** Opening SOURCE DATA block **

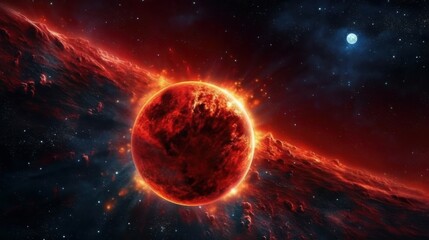 A red giant, a stage in the life cycle of a star. AI generated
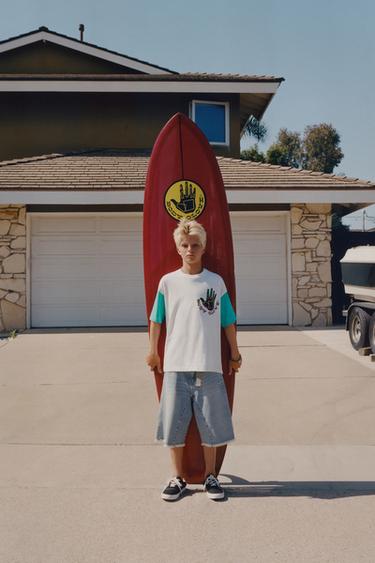 Zara Футболка с контрастными рукавами ZARA X BODY GLOVE ®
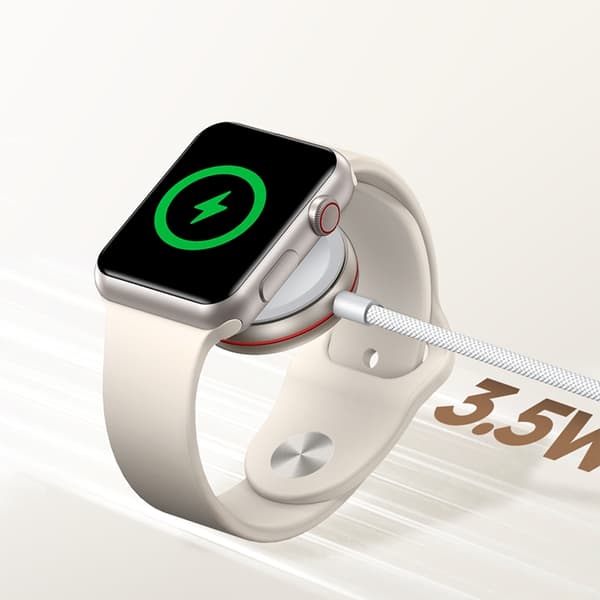Joyroom Induktiv Trådløs Oplader Apple Watch USB-C - Hvid Vit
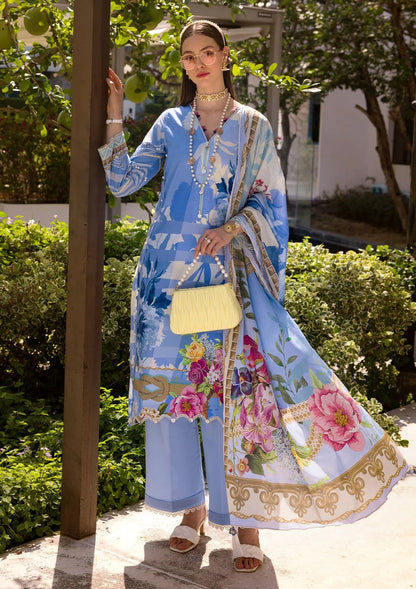 Elaf Premium | Prints Collection 2024 | EOP-01B DARIS - Ladies Clothes - Maria Faisal
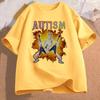 Autism Fun Skeleton Meme Unisexs Tshirt Harajuku Skull Graphic Tshirts Unisex Short Sleeve Tees Unisex Autism Tshirts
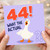 44th Birthday Card, Funny What The Actual Duck Birthday Card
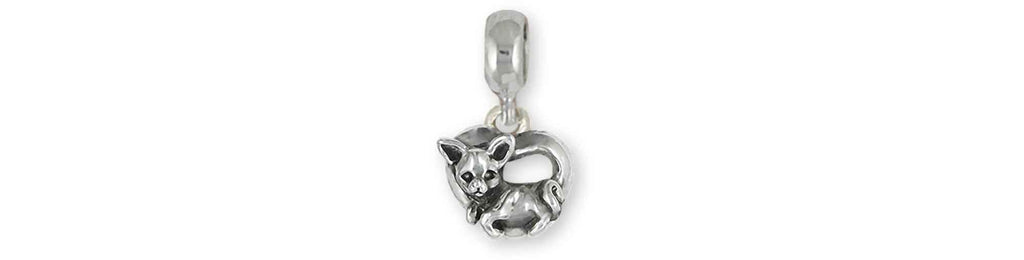Chihuahua Charms Chihuahua Charm Slide Sterling Silver Chihuahua Jewelry Chihuahua jewelry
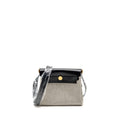 HERMES HERBAG MINI CANVAS/HUNTER LEATHER BLACK/ECRU GHW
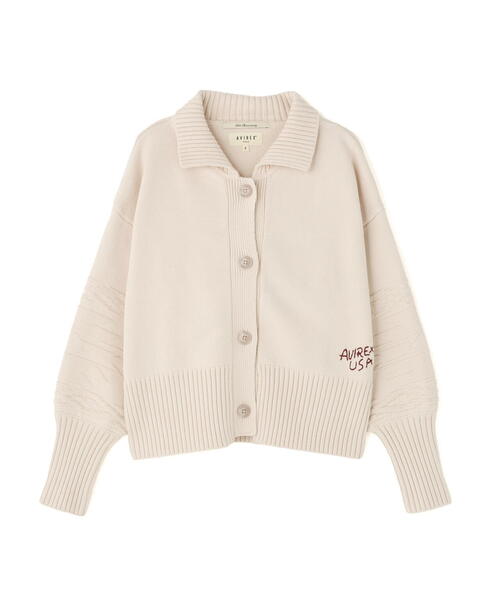 直営店限定》GARMENTDYED CARDIGAN（カーディガン/ボレロ）｜AVIREX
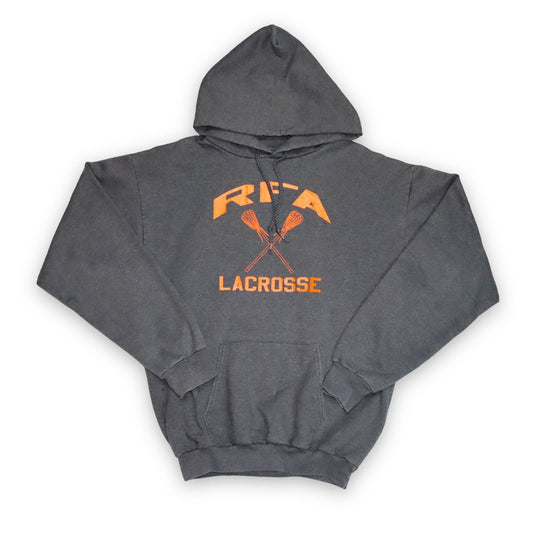 Vintage Hoodie Pullover grau RFA Lacrosse CHAMPION M
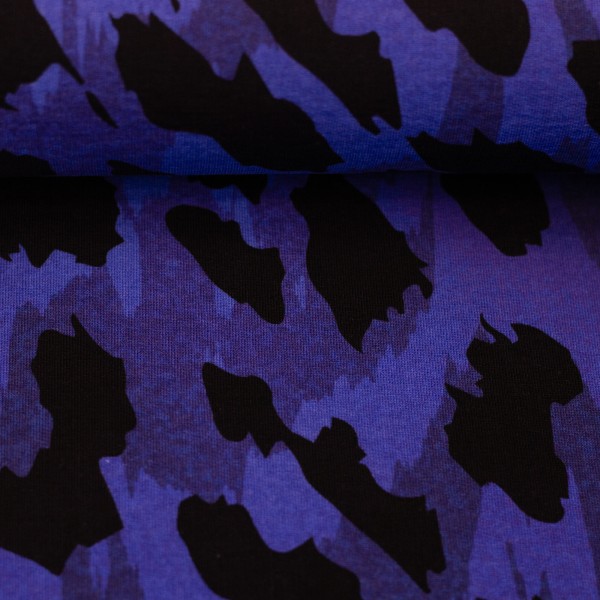 Swafing - Monsta by Thorsten Berger - Allover - blau - French Terry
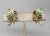 Vintage Signed Napier Goldtone Green & Blue Enamel Butterfly Clip Earrings- 2 Pieces For Sale - Image 9 of 14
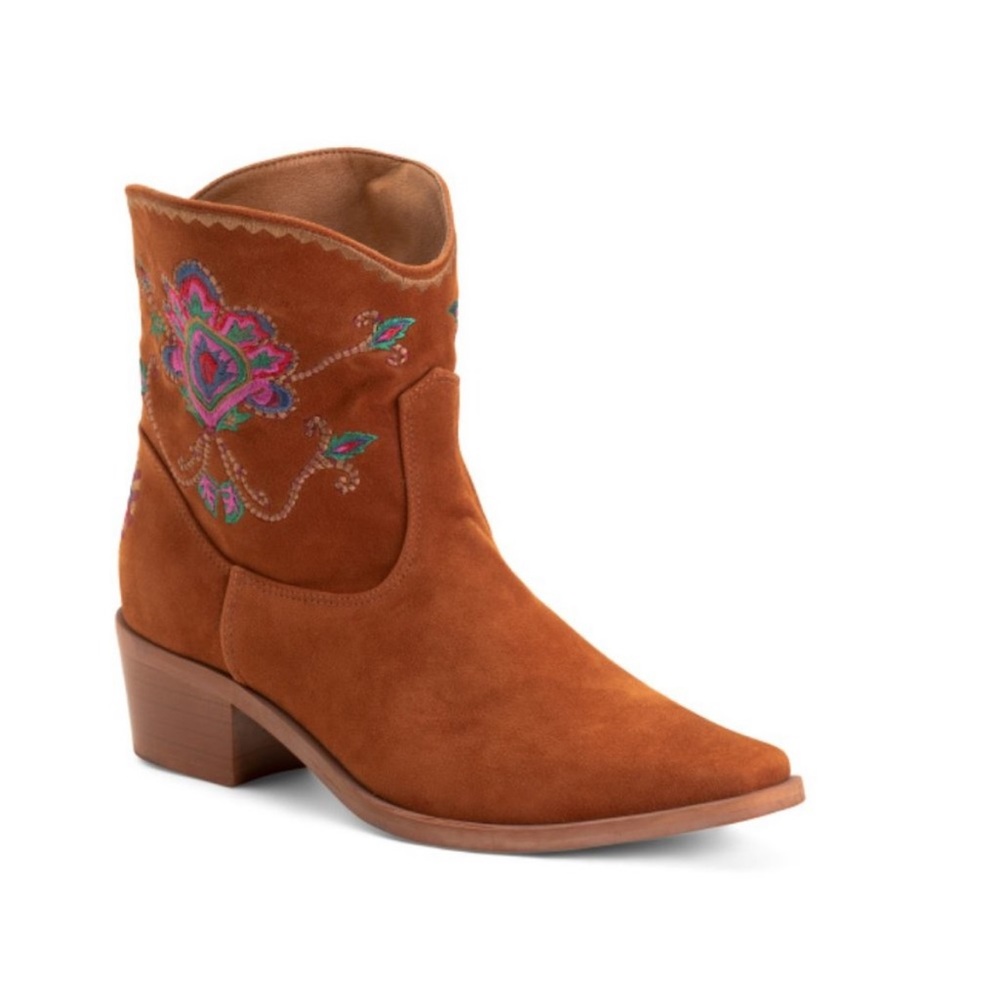 Farm Rio Caramel Embroidery Boho Cowgirl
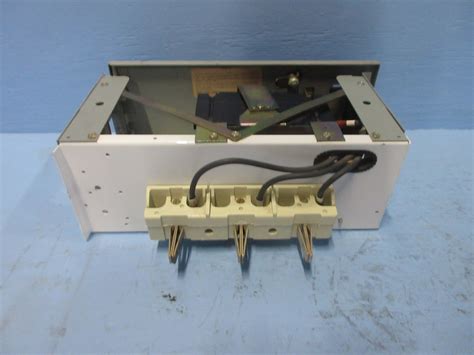 General Electric Ge 8000 50 Amp Breaker Type 6 Mcc Feeder Bucket 50a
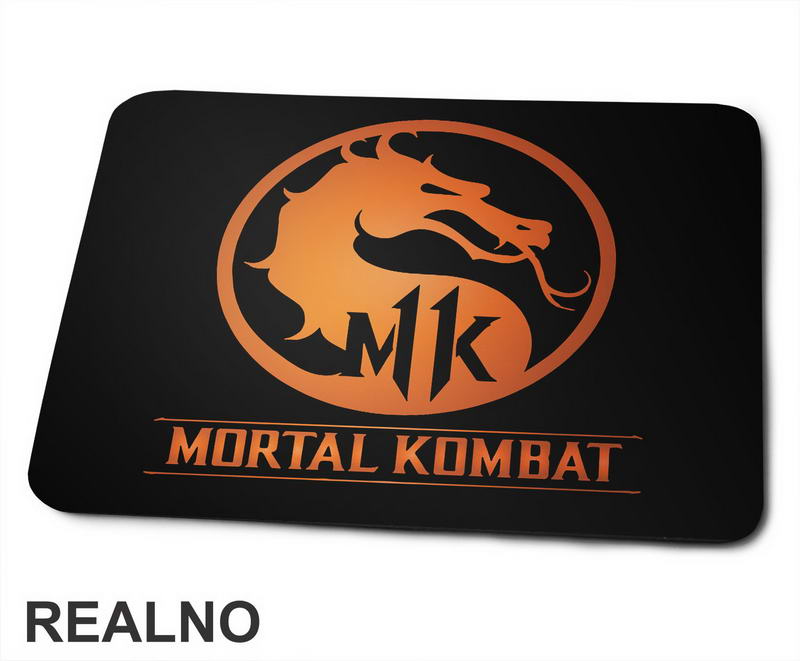 Orange Logo - Mortal Kombat - Podloga za miš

** Closing SOURCE DATA block **

WHAT YOU ARE ASKED TO DO:
The entries are to be written out in full and exactly, apart from the pictures.

OUTPUT FOR THIS TASK:
 A red giant, a stage in the life cycle of a star. AI generated
 Zara Футболка с контрастными рукавами ZARA X BODY GLOVE ®
Joyroom Induktiv Trådløs Oplader Apple Watch USB-C - Hvid Vit
 Elaf Premium | Prints Collection 2024 | EOP-01B DARIS - Ladies Clothes - Maria Faisal
 Autism Fun Skeleton Meme Unisexs Tshirt Harajuku Skull Graphic Tshirts Unisex Short Sleeve Tees Unisex Autism Tshirts
 44th Birthday Card, Funny What The Actual Duck Birthday Card
Chihuahua Charms Chihuahua Charm Slide Sterling Silver Chihuahua Jewelry Chihuahua jewelry
 HERMES HERBAG MINI CANVAS/HUNTER LEATHER BLACK/ECRU GHW
 直営店限定》GARMENTDYED CARDIGAN（カーディガン/ボレロ）｜AVIREX
 Vintage Hoodie Pullover grau RFA Lacrosse CHAMPION M
 Swafing - Monsta by Thorsten Berger - Allover - blau - French Terry
 Vintage Signed Napier Goldtone Green & Blue Enamel Butterfly Clip Earrings- 2 Pieces For Sale - Image 9 of 14
 Farm Rio Caramel Embroidery Boho Cowgirl
 General Electric Ge 8000 50 Amp Breaker Type 6 Mcc Feeder Bucket 50a
 Orange Logo - Mortal Kombat - Podloga za miš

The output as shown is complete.